Deep learning (DL)-based pansharpening has been widely applied in high-resolution imaging. Yet, artifacts related to generalization and oversmoothing have continuously been the challenge, primarily due to the mismatch between the simulation dataset and the unseen real-world scenarios. Current approaches address these through unsupervised frameworks or generative models, while modal inconsistency is not fully considered, leading to suboptimal performance. In this article, we propose a contrastive cross-modal framework via uncertainty guidance (UGCC), which comprises three key modules: a contrast feature enhancement module (CFEM), a cross-modal compensation module (CMCM), and an uncertainty guidance module (UGM). First, to enhance generalization and reduce overfitting, CFEM is introduced. Robust contrast features are augmented and learned sparsely in latent space, where sample distributions are refined, and redundant information is filtered from highly similar sample pairs for enhanced training stability. Furthermore, CMCM mitigates modal inconsistency effectively by domain transfer and collaborative attention, achieving efficient modal separation and interaction. Finally, to adaptively balance the performance of CMCM and CFEM based on prediction confidence, a hybrid loss function is designed, where UGM adjusts the weights through quantifying statistical-versus-structural uncertainties. Extensive experiments on Quickbird, Gaofen-2, WorldView-2, and WorldView-3 demonstrate that the performance of the proposed method surpasses or matches the state of the arts. Furthermore, ablation studies validate the effectiveness of each component. The code is now available at: https://github.com/meimeizeng/UGCF.

查看原文

微信好友朋友圈 QQ好友复制链接

本刊更多论文

基于不确定性制导的跨模态对比泛锐化

基于深度学习的泛锐化技术在高分辨率成像中得到了广泛的应用。然而，与泛化和过度平滑相关的工件一直是挑战，主要是由于模拟数据集与未见过的现实世界场景之间的不匹配。目前的方法通过无监督框架或生成模型来解决这些问题，而模态不一致没有得到充分考虑，导致性能不佳。在本文中，我们提出了一个基于不确定性指导的对比跨模态框架（UGCC），该框架包括三个关键模块：对比特征增强模块（CFEM）、跨模态补偿模块（CMCM）和不确定性指导模块（UGM）。首先，为了增强泛化和减少过拟合，引入了CFEM。鲁棒性对比特征在潜在空间中被增强和稀疏学习，其中样本分布被细化，并且从高度相似的样本对中过滤冗余信息以增强训练稳定性。此外，CMCM通过领域转移和协同关注有效地缓解了模态不一致，实现了高效的模态分离和交互。最后，为了基于预测置信度自适应平衡CMCM和CFEM的性能，设计了一个混合损失函数，其中UGM通过量化统计与结构的不确定性来调整权重。在Quickbird，高分2号，WorldView-2和WorldView-3上进行的大量实验表明，所提出的方法的性能超过或匹配最先进的技术。此外，消融研究验证了每个组件的有效性。代码现在可以在https://github.com/meimeizeng/UGCF上获得。

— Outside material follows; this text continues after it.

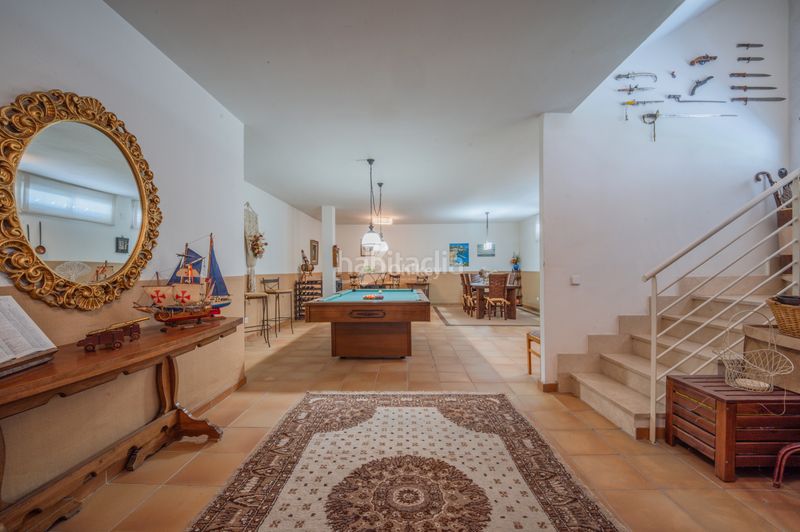 Foto bd77aa7f-d043-4ed2-89f3-5a27cad8927d. Casa amb aparcament piscina a Centro Rivas - Vaciamadrid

本文章由计算机程序翻译，如有差异，请以英文原文为准。

求助全文

约1分钟内获得全文去求助

来源期刊

IEEE Transactions on Geoscience and Remote Sensing 工程技术-地球化学与地球物理

CiteScore

11.50

自引率

28.00%

发文量

1912

审稿时长

4.0 months

期刊介绍： IEEE Transactions on Geoscience and Remote Sensing (TGRS) is a monthly publication that focuses on the theory, concepts, and techniques of science and engineering as applied to sensing the land, oceans, atmosphere, and space; and the processing, interpretation, and dissemination of this information.